Pictures are to be omitted. Output only the lines from the one containing "Vinland Saga Capitulo" through the end of the data, word for word.

## SUPPLIED MATERIAL:
□ □ □ □ □

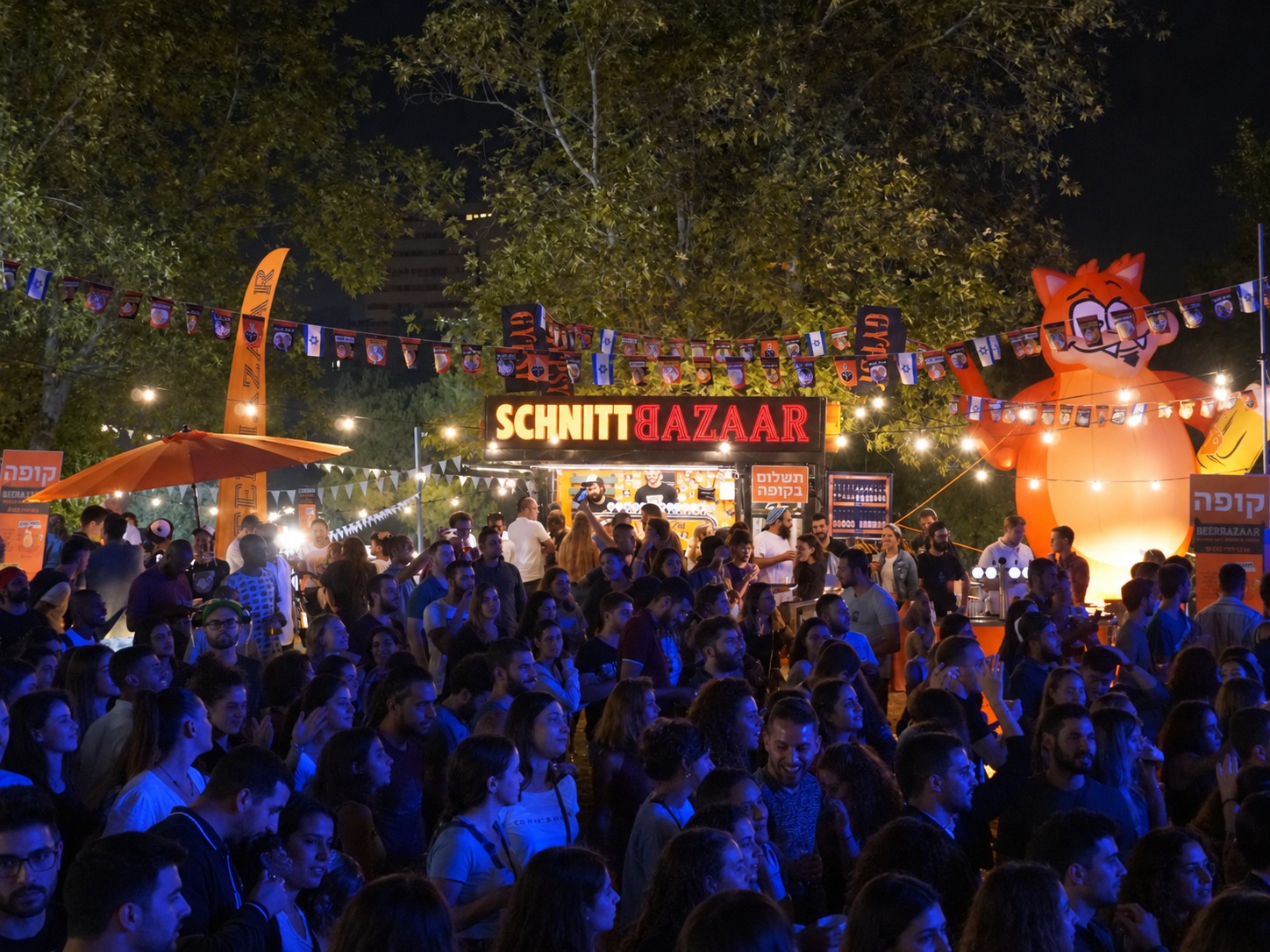  במקום יוצעו גם בירות קראפט של השניטבזאר. צילום: אלעד ברנגה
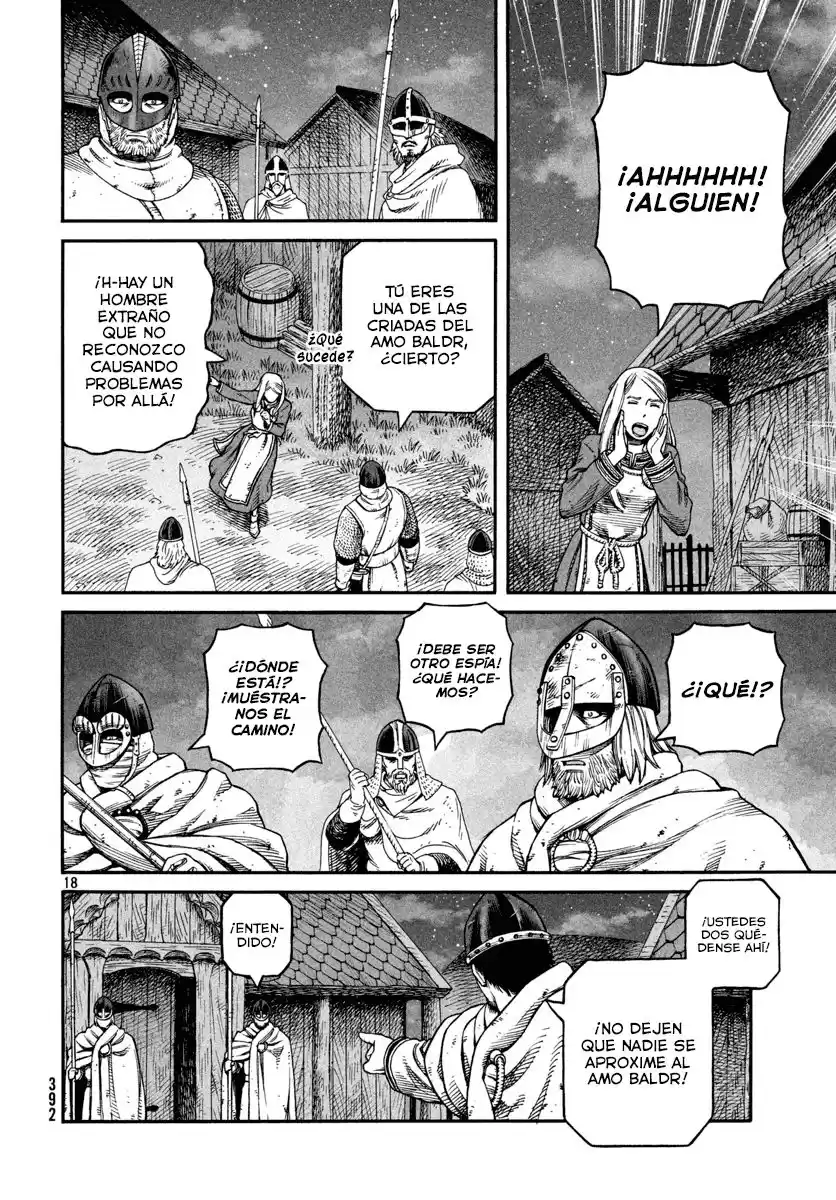 Vinland Saga Capitulo 147: La Guerra del Mar Báltico (23) página 18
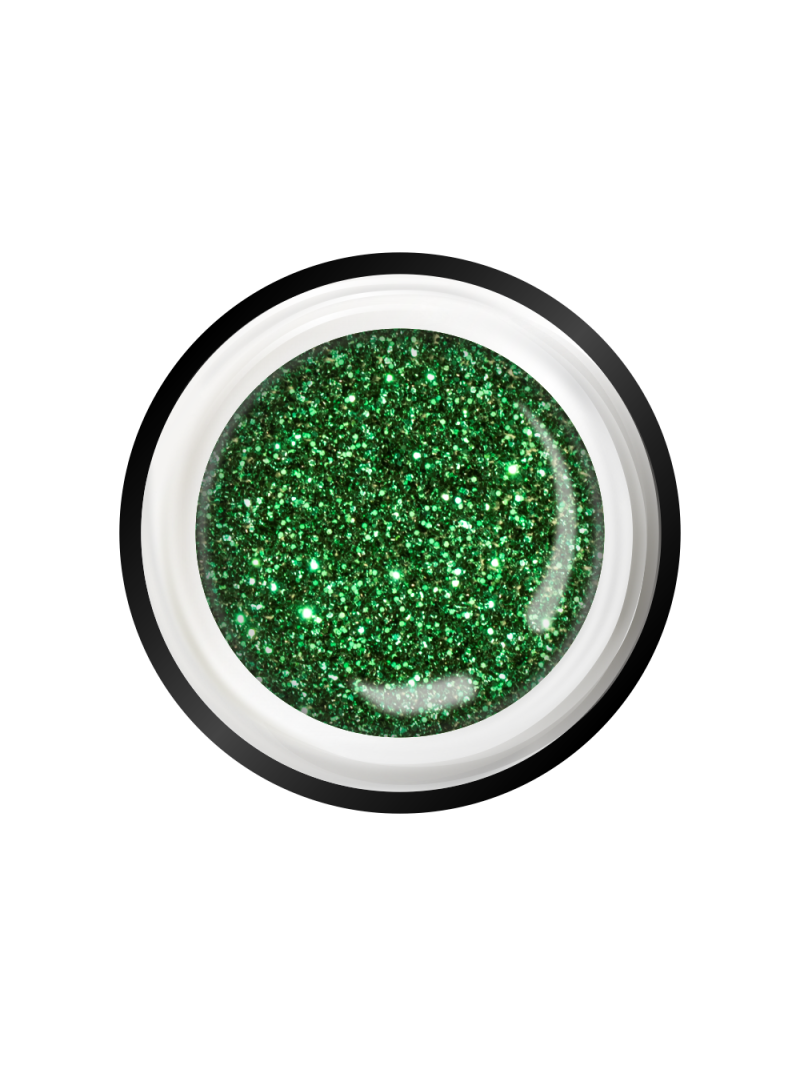 Купить гель-краску для ногтей с липким слоем GML-18 Tin с эффектом металлик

□ □ □ □ □

## TASK SOLUTION:
 Vinland Saga Capitulo 147: La Guerra del Mar Báltico (23) página 18
 Купить гель-краску для ногтей с липким слоем GML-18 Tin с эффектом металлик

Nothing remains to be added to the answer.